But it sounds to me: I had to create a "BIOS vector table" (extend calls from SDRAM to FLASH ROM), in assembly code. And create the "App" as an independent project, where it is self-contained (does not use directly FW and FLASH ROM functions), instead it uses the "BIOS vector table" to call external functions.
Not a big deal, just effort (and a bit complicated SW structure).

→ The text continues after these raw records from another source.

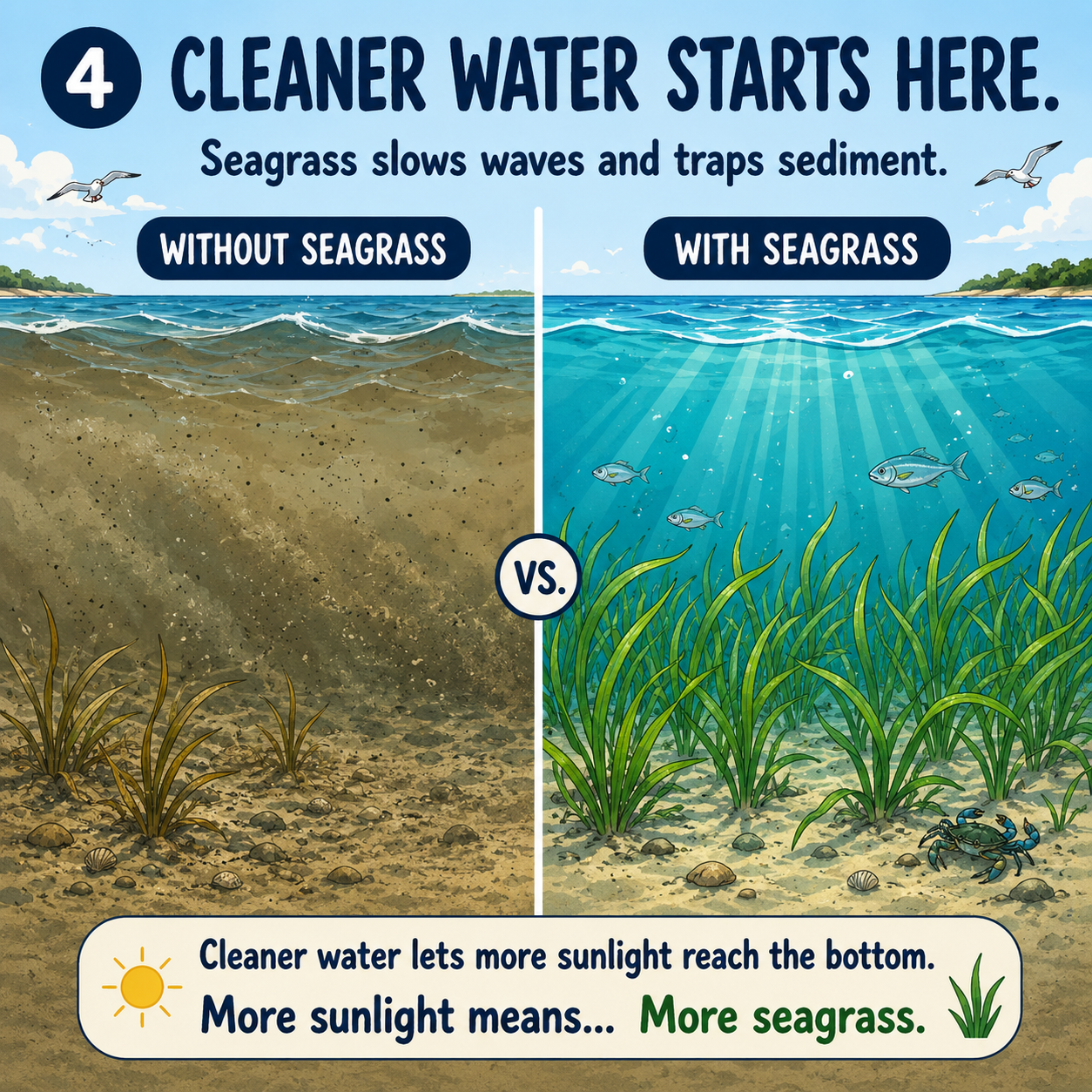 Cleaner water starts here — seagrass slows waves and traps sediment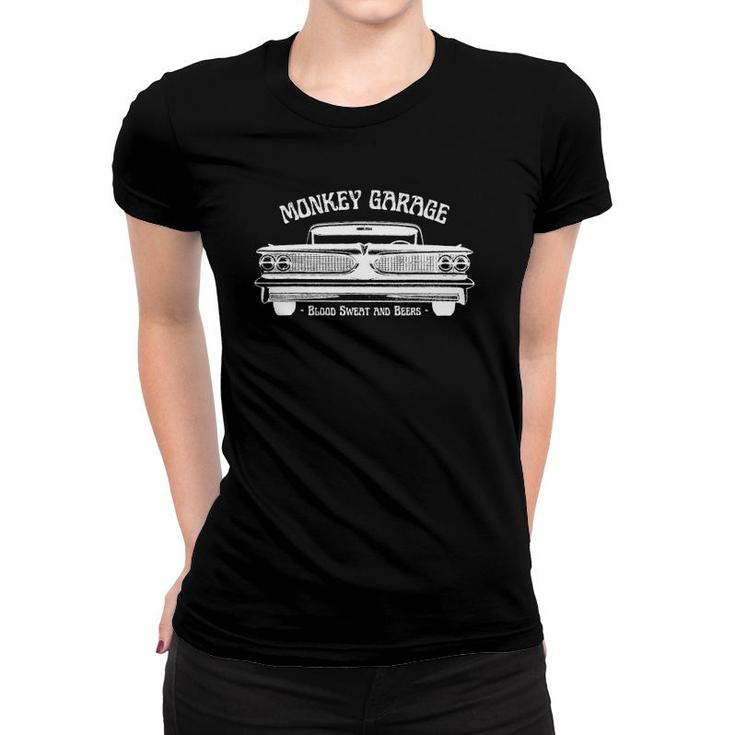 Monkey Garage Gas Station Blood Sweat And Beers Women T-shirt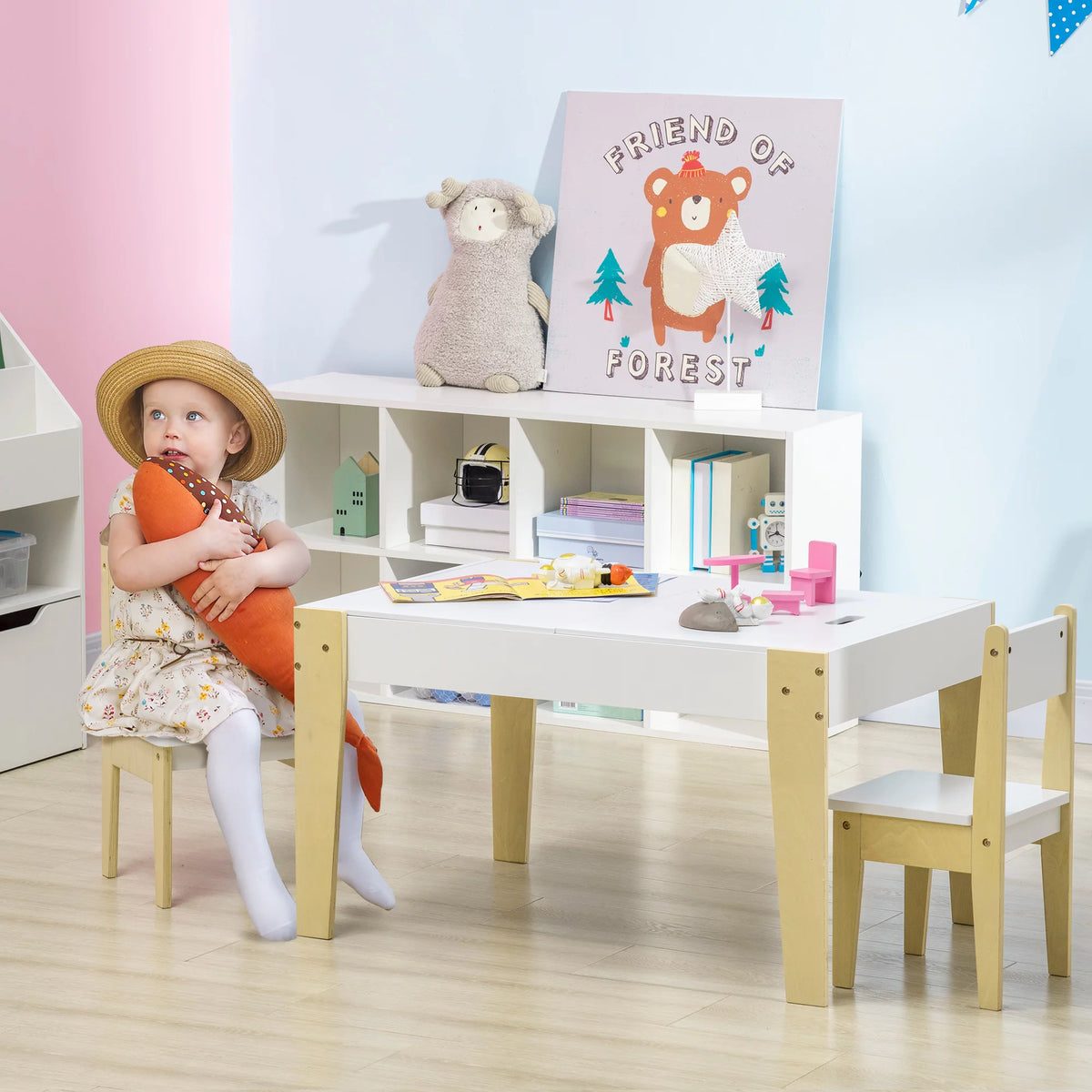 White 3 Pcs Kids Table and Chair Set with Storage Y3865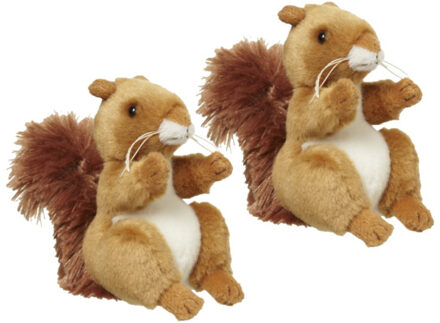 2x stuks pluche eekhoorn knuffel 11 cm
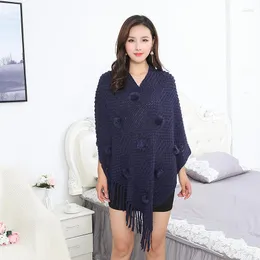 Scarves 21 Autumn And Winter European American Hair Ball Knitwear Factory Direct Sales Warm Large Size Women's Cloak Shaw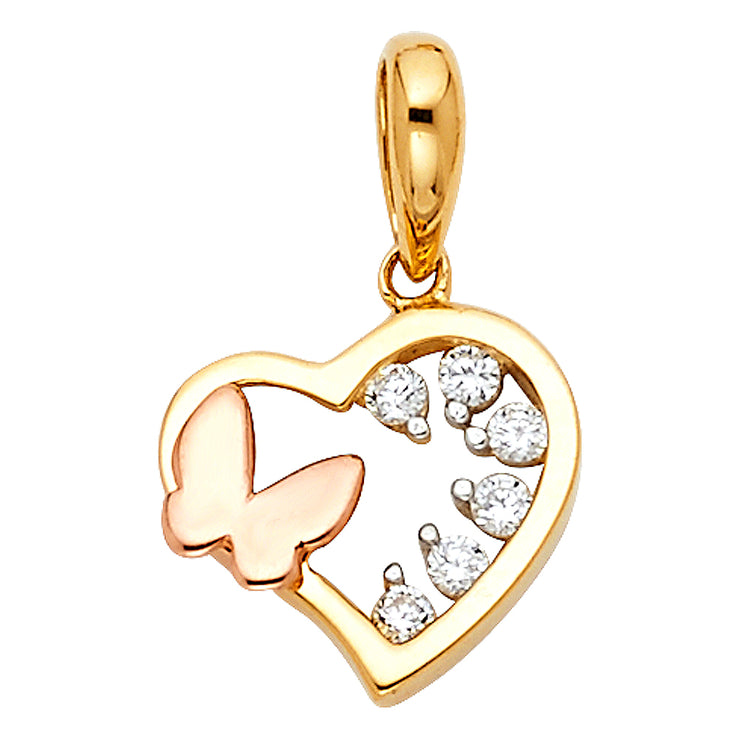 Heart with Butterfly Pendant Pendant for Necklace or Chain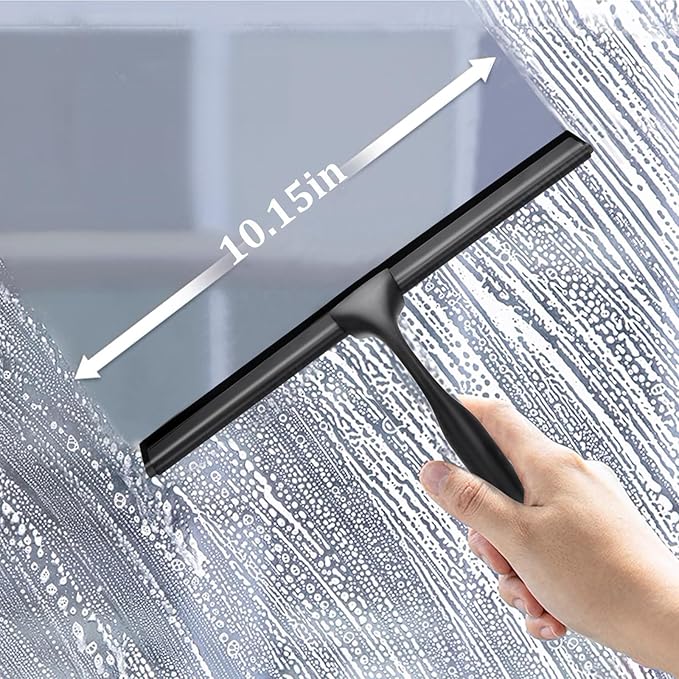 10" Stainless Steel Shower Squeegee for Shower Glass with Adhesive Hook for Cleaning Bathroom Glass Doors Car Window Mirrors and Tile Wall (Matte Black + Hook)
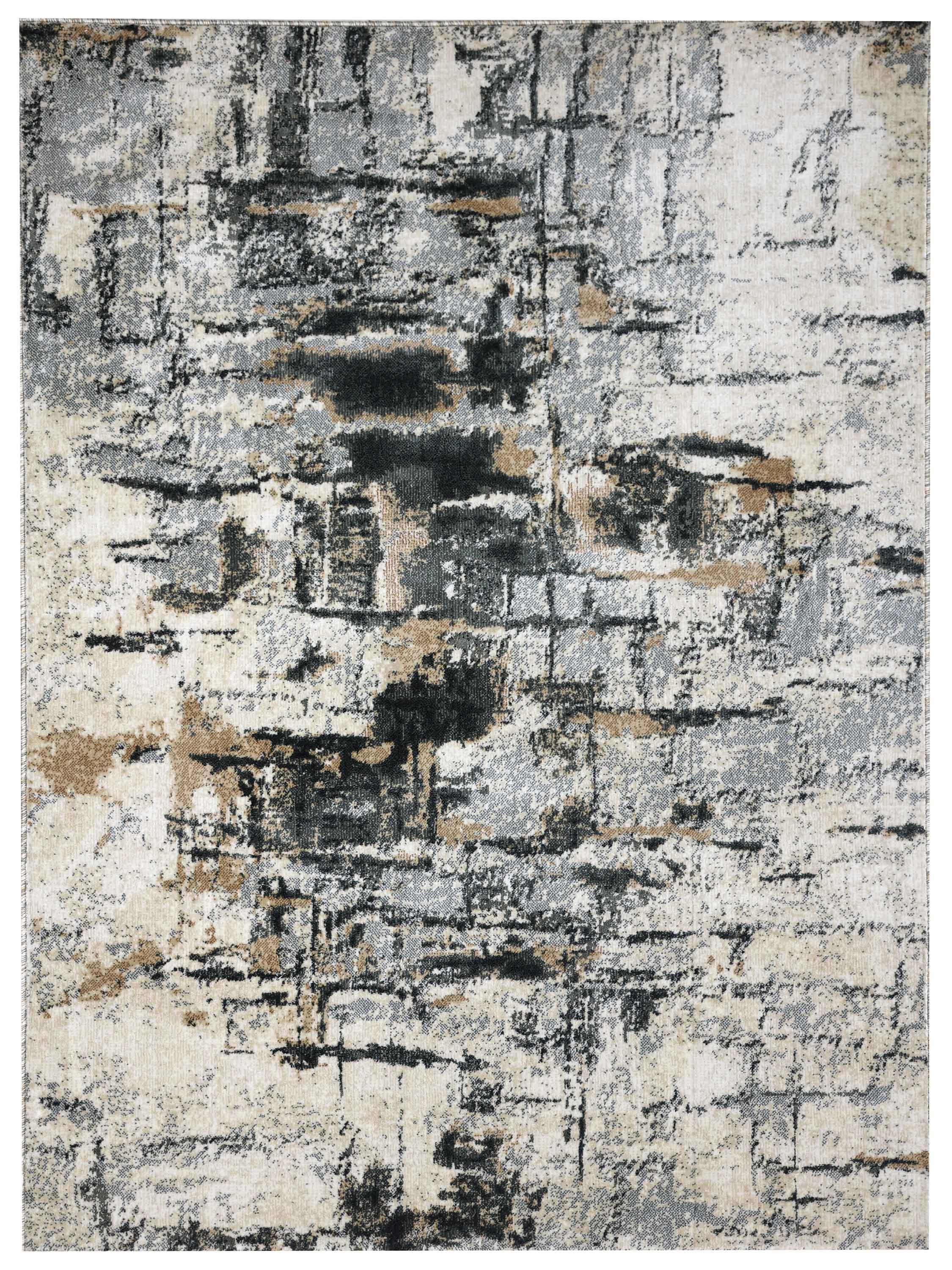 A modern abstract rug with a distressed texture, featuring shades of gray, beige, and black. The pattern resembles an urban landscape, conveying a contemporary feel.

If you would have any idea how to deal with long_calls and to mix code (with short and long jumps) ... I would appreciate (even any idea how to deal with the "problem").
Thank you.
Debug Hooks
Due to the fact that Portenta H7 does not have really a debugger (just this bootloader) - it is a bit difficult to debug. I cannot but it would be nice to connect an ST-Link debugger and trace my code. Especially I want to know when HardFault_Handler is called, what is the processor PSPR register value etc. (where was the fault trap generated).
OK. Ideas (I use):
-
after compiling - check the generated *.MAP file (in project/Debug directory). It gives me a clear indication of the linker via linker_script.ld has placed properly the code, e.g. in SDRAM. Also, where to find the copy on FLASH ROM, when it will be copied from there to SDRAM, for SDRAM_setup().
-
I have created a hex_dump() function (see in my example code, implementation is not provided): I can print any MCU memory region, also registers, e.g. MPU registers. This is really helpful to debug: I can see what is inside the memory and registers of MCU. (I use a UART command line and this "hd" is a command to 'inspect' any memory).
-
I could also have an UART command to write any memory or register with a value, e.g. "wr . This could me to try something from command line, w/o to change/compile my code again.
The message is" if you have (and use) UART: have a simple "monitor program", to have have access to memory, registers from a command line. It makes it easier to try something, in inter-active mode, without to compile again code and see it crashing.
The compile time for Arduino, Portenta H7... is anyway so "bad" (long) - it is faster to debug via a UART command line. A hex_dump function from command line is my "biggest friend" meanwhile.